== Exercise data ==

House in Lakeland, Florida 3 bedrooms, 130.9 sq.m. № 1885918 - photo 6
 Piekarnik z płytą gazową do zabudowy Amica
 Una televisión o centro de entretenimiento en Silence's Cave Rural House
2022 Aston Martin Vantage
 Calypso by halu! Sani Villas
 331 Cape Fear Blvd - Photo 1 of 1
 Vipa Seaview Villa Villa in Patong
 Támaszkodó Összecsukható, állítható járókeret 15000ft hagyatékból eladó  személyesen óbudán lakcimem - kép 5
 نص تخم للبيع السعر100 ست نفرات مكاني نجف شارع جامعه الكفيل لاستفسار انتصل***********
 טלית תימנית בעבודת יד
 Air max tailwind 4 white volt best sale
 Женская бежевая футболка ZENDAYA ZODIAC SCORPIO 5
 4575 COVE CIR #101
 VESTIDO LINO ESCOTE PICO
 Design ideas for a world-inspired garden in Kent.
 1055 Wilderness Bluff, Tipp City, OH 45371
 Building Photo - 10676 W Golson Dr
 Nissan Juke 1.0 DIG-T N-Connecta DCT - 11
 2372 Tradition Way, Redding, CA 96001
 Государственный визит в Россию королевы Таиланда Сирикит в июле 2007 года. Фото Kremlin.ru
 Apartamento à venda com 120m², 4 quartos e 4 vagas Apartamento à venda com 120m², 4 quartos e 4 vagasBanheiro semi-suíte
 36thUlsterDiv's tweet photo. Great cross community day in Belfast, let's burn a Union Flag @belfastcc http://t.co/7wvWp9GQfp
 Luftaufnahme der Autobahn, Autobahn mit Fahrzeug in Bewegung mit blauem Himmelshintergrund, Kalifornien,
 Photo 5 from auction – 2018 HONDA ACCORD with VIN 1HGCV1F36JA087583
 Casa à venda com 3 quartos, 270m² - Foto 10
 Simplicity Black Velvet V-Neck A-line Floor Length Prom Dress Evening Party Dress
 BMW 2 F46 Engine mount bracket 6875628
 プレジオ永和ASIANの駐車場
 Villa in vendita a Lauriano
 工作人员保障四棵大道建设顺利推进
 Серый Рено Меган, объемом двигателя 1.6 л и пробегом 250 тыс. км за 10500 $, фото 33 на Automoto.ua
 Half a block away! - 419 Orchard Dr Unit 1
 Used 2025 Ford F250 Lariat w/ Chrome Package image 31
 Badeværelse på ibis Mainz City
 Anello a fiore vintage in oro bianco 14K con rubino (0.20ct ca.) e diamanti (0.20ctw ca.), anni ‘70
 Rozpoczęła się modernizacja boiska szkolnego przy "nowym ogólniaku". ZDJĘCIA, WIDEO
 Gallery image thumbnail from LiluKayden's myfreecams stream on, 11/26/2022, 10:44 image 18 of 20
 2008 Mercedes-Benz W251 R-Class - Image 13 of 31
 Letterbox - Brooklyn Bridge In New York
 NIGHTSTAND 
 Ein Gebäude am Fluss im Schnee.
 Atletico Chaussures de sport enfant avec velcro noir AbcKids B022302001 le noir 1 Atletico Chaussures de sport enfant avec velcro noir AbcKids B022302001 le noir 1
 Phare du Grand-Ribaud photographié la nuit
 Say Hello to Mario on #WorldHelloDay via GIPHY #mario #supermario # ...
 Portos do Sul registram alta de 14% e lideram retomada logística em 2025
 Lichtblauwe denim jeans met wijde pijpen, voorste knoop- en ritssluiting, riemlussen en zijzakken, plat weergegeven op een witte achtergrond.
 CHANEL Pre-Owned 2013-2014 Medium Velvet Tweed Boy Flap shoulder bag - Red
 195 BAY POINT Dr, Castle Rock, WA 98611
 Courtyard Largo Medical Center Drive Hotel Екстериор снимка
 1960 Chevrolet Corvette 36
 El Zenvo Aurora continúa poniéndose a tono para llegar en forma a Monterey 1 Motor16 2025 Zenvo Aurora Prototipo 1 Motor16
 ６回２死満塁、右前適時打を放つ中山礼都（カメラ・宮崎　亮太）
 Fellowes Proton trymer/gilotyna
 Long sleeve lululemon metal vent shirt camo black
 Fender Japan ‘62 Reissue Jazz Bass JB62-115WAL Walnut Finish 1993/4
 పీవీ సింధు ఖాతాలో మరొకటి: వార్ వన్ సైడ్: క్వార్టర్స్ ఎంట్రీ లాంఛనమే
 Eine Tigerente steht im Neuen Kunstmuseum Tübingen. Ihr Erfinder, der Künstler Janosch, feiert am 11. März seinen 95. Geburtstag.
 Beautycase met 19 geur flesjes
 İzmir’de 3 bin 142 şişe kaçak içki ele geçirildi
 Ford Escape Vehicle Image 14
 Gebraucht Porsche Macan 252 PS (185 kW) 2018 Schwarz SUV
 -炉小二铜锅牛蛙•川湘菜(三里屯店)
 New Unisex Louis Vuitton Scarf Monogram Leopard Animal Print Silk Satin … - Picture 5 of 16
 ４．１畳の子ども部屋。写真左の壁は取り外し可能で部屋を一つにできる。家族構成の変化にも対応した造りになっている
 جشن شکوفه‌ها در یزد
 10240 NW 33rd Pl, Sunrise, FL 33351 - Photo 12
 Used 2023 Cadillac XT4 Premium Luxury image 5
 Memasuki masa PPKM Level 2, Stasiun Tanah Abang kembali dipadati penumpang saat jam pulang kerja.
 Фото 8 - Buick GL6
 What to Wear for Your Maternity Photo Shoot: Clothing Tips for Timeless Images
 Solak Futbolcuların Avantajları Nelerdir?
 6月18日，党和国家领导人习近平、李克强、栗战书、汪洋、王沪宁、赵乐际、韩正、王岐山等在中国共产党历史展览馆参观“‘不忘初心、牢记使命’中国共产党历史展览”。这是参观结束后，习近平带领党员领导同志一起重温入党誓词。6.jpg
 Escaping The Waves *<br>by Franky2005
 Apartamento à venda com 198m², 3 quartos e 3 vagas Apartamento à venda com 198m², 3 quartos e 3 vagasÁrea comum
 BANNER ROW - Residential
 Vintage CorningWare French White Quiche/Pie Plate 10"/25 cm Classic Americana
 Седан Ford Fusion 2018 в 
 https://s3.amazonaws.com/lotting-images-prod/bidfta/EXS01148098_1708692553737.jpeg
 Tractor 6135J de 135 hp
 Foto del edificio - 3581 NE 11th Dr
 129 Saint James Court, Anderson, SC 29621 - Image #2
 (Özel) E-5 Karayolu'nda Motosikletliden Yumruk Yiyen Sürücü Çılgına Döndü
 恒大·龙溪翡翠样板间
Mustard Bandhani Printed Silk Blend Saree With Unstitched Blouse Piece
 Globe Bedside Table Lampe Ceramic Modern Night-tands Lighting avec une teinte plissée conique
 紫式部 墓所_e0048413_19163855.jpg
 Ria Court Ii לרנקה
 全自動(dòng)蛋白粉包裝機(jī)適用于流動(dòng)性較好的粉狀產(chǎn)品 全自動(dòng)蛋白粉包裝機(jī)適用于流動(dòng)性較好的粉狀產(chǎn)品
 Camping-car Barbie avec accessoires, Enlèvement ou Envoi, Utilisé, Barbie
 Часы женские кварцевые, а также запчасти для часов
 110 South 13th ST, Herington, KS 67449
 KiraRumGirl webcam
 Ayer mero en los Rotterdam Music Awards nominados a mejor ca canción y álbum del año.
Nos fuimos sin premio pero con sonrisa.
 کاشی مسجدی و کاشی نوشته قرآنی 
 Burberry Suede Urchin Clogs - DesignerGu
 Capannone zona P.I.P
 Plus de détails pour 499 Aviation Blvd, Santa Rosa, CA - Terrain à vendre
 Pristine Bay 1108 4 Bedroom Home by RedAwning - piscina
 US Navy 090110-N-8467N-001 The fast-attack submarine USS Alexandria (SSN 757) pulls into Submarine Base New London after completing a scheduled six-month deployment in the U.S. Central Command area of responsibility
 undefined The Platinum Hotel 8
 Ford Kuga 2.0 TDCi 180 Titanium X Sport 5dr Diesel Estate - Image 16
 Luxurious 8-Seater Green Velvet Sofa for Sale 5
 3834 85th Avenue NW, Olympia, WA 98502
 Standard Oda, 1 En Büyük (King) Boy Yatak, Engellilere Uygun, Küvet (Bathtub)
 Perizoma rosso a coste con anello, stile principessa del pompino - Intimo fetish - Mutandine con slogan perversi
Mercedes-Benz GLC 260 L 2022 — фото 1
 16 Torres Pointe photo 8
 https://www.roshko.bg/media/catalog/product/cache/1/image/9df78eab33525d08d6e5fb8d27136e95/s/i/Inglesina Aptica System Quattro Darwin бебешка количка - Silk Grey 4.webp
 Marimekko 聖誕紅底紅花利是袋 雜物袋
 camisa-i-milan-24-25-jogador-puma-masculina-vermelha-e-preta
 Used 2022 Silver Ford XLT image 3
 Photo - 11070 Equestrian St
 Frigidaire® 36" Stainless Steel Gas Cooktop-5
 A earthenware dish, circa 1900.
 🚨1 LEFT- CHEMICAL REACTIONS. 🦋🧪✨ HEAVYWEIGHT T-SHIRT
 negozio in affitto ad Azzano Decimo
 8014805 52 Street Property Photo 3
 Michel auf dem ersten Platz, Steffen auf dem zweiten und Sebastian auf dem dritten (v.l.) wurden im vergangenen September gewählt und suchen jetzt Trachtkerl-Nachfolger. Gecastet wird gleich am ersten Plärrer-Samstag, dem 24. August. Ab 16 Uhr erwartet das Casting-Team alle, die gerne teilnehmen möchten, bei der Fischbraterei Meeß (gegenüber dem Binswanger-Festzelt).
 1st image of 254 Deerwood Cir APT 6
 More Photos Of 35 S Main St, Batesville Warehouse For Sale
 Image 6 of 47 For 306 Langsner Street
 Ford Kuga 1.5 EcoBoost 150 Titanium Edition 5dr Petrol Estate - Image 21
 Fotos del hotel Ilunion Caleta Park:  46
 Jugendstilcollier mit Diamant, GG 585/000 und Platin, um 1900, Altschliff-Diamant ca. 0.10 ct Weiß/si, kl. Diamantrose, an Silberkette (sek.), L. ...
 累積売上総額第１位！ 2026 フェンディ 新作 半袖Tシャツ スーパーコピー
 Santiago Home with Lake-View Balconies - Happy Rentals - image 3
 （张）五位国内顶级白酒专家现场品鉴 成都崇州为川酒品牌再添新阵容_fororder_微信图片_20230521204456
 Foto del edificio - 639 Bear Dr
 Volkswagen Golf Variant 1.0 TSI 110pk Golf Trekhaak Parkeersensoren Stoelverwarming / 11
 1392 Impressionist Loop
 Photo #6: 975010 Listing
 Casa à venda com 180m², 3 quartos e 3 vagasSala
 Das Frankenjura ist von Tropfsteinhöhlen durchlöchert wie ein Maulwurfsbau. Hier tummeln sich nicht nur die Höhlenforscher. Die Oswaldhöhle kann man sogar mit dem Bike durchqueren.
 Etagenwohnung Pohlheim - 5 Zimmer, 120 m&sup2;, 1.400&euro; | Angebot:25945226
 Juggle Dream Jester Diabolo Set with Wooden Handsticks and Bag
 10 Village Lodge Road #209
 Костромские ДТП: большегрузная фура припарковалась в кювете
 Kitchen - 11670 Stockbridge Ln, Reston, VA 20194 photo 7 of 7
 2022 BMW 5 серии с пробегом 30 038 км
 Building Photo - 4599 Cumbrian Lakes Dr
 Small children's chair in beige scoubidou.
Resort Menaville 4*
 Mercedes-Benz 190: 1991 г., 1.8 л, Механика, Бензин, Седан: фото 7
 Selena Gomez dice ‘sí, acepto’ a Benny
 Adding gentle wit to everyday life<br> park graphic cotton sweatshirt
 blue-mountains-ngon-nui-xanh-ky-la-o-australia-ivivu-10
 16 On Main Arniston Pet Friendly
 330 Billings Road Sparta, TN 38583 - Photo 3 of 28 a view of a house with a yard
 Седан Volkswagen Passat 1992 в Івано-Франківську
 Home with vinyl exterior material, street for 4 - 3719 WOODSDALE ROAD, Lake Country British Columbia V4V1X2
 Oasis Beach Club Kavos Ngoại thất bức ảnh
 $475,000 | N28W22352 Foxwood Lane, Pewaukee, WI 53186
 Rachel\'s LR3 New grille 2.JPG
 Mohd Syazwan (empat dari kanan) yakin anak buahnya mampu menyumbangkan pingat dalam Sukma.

== Problem to work on ==
Where a line of the material above holds the string "Ford", copy that line.

== Exercise result ==
 Used 2025 Ford F250 Lariat w/ Chrome Package image 31
 Ford Escape Vehicle Image 14
 Седан Ford Fusion 2018 в 
 Ford Kuga 2.0 TDCi 180 Titanium X Sport 5dr Diesel Estate - Image 16
 Used 2022 Silver Ford XLT image 3
 Ford Kuga 1.5 EcoBoost 150 Titanium Edition 5dr Petrol Estate - Image 21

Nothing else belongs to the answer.